Here the job is to copy the data exactly and to exclude every image from it.

» Stored data
══════
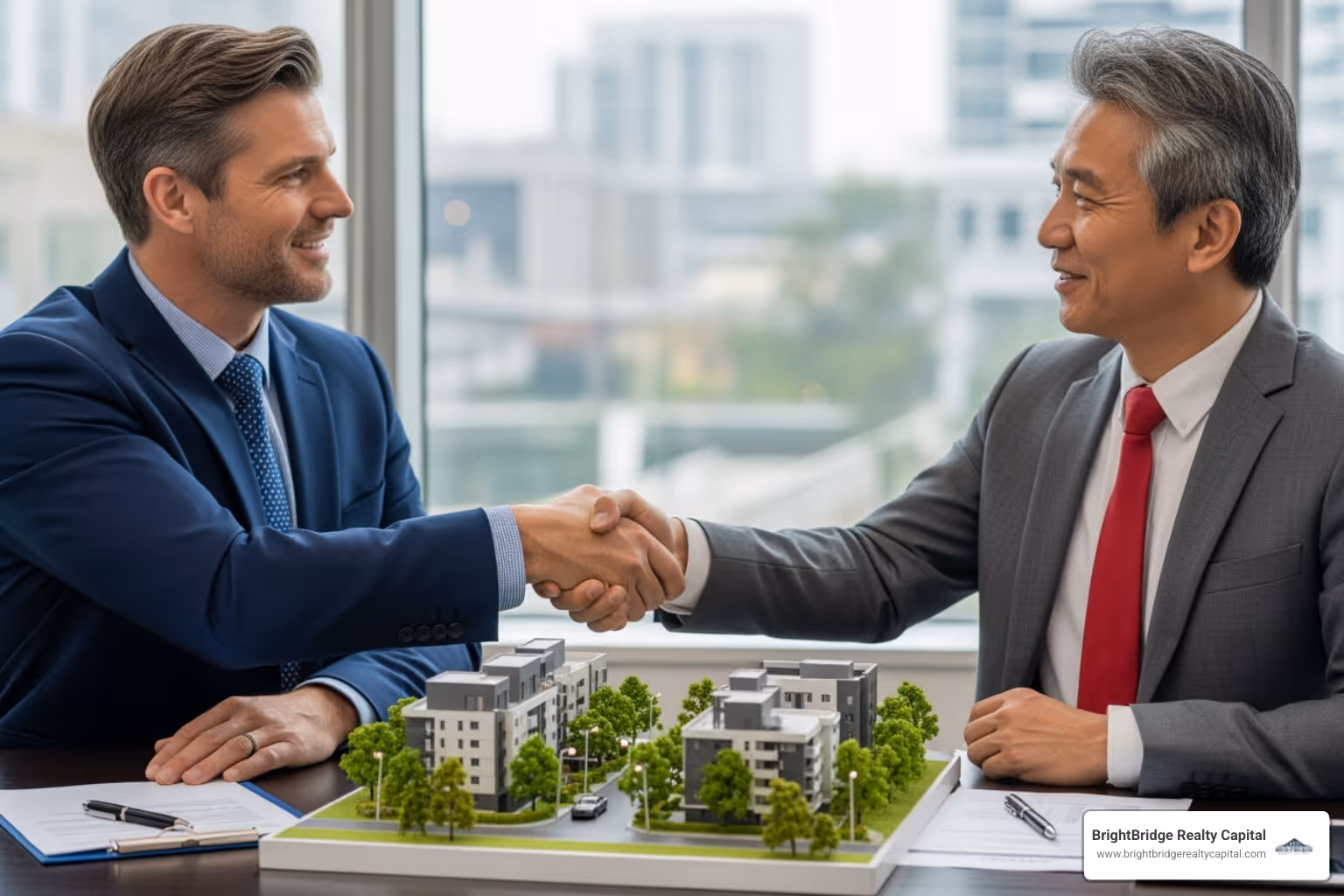 lender and an investor shaking hands over a property model - how to finance a short term rental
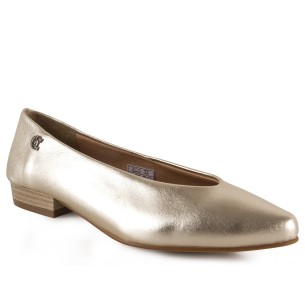 Gold leather ballerina pumps by Chamby CHAMBY 2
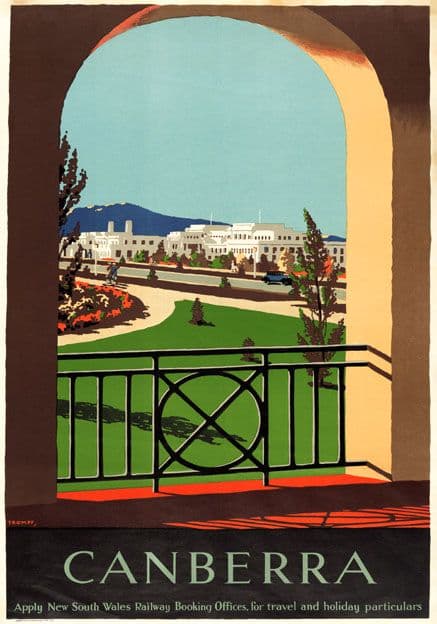 Parliament House, Canberra, Australia. Vintage Travel poster by Percy Trompf. c1930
══════
» Solution to this task
 lender and an investor shaking hands over a property model - how to finance a short term rental
 Gold leather ballerina pumps by Chamby CHAMBY 2
 Parliament House, Canberra, Australia. Vintage Travel poster by Percy Trompf. c1930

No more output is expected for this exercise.